* [What this task involves]: Give the records back exactly as written, but without the images.

* [Material shown]:
★ ★ ★ ★

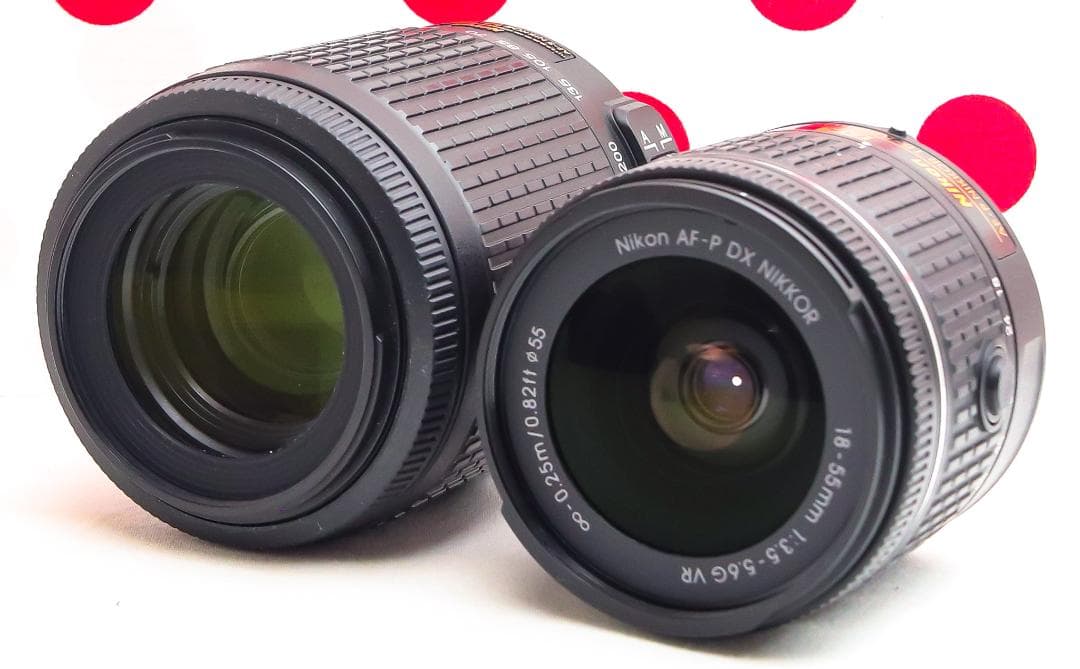 美品 ニコン Nikon D5500❤Wi-Fi転送機能付❤超高画質＆高性能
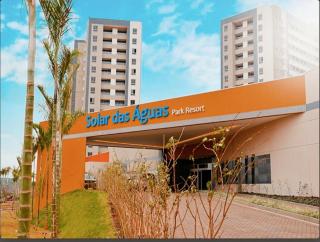 Apartamento Resort Solar das Águas em Olímpia - Olímpia - 9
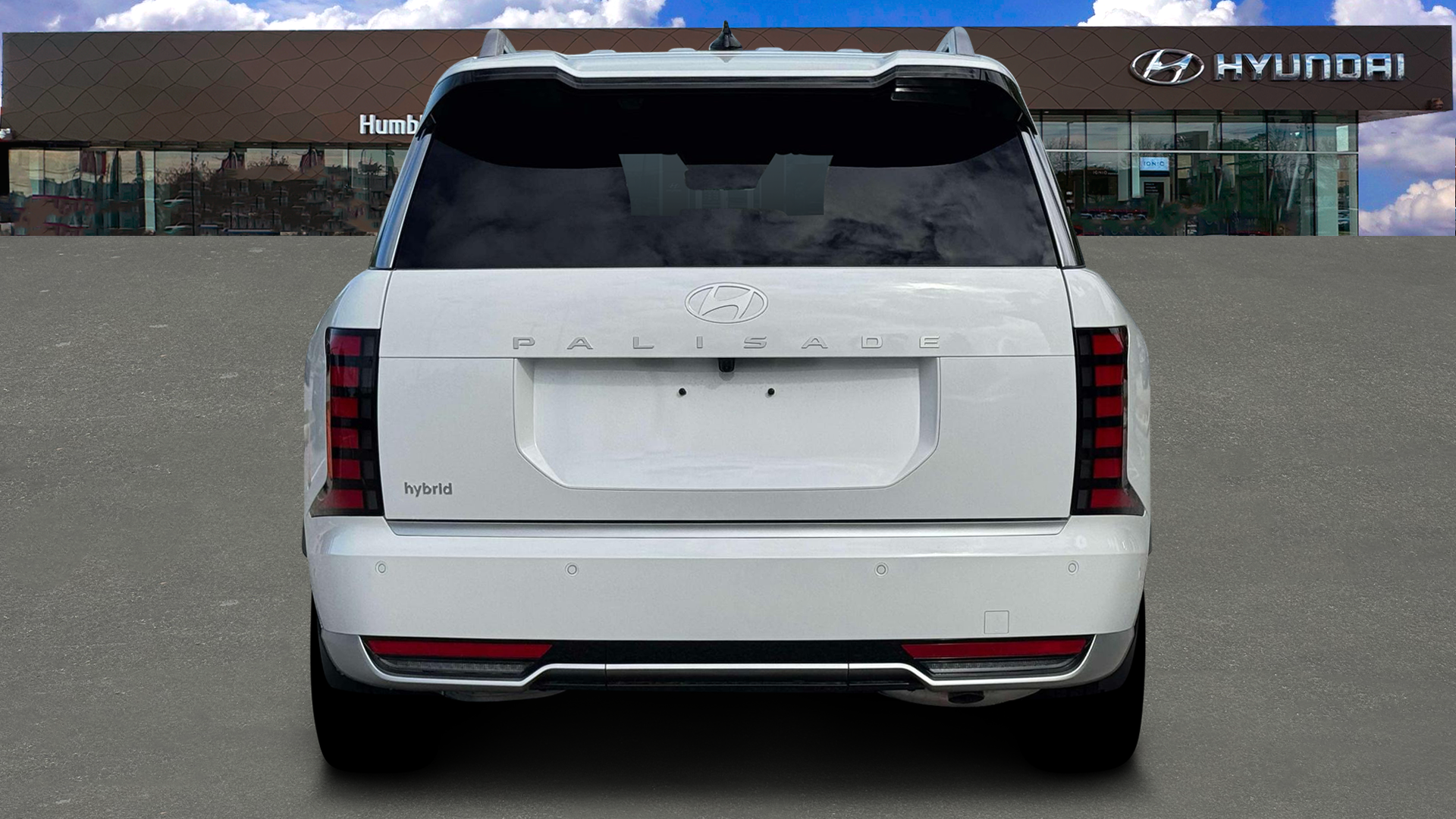 2026 Hyundai PALISADE Hybrid Calligraphy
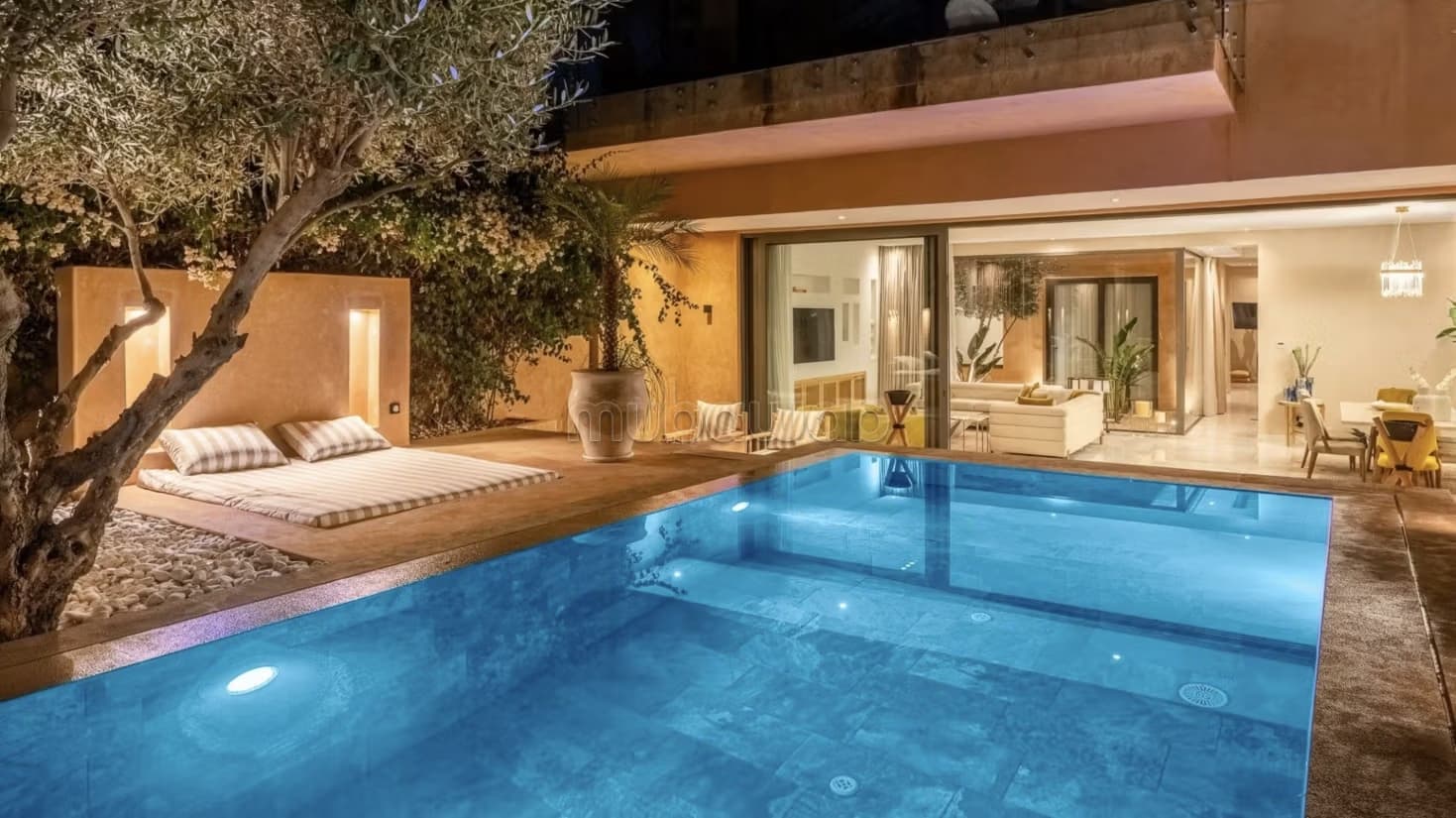 Appartement de Luxe 2 Chambres avec Piscine Privée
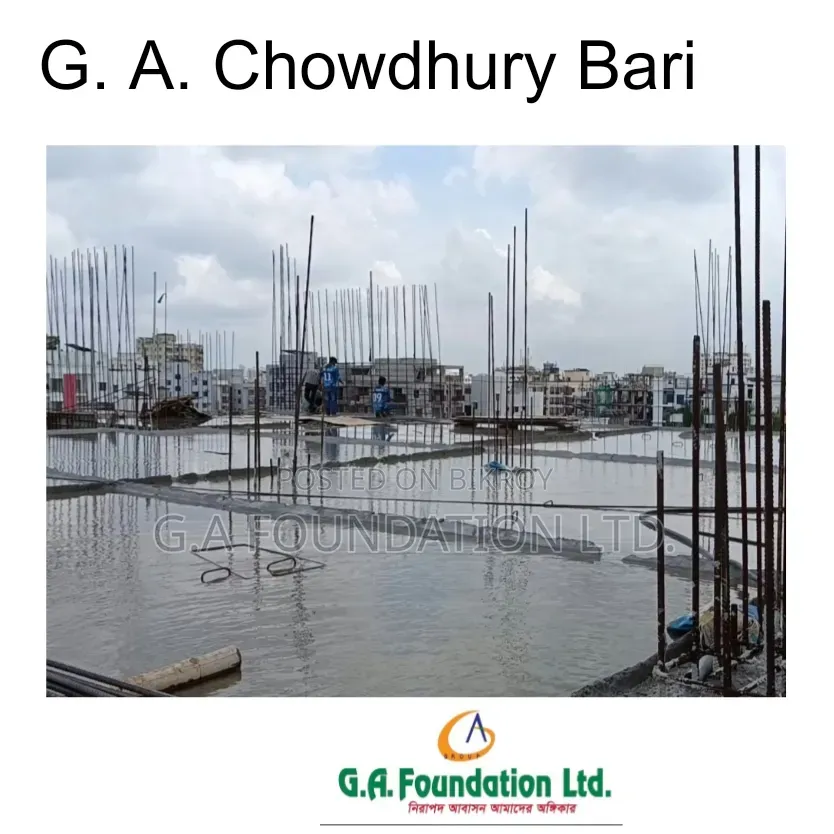 4 Bedroom Apartment in G. A. Chowdhury Bari, Mirpur for Sale in Mirpur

★ ★ ★ ★

* [Response to this task]:
 美品 ニコン Nikon D5500❤Wi-Fi転送機能付❤超高画質＆高性能
 Apartamento Resort Solar das Águas em Olímpia - Olímpia - 9
 2026 Hyundai PALISADE Hybrid Calligraphy
 Appartement de Luxe 2 Chambres avec Piscine Privée
 4 Bedroom Apartment in G. A. Chowdhury Bari, Mirpur for Sale in Mirpur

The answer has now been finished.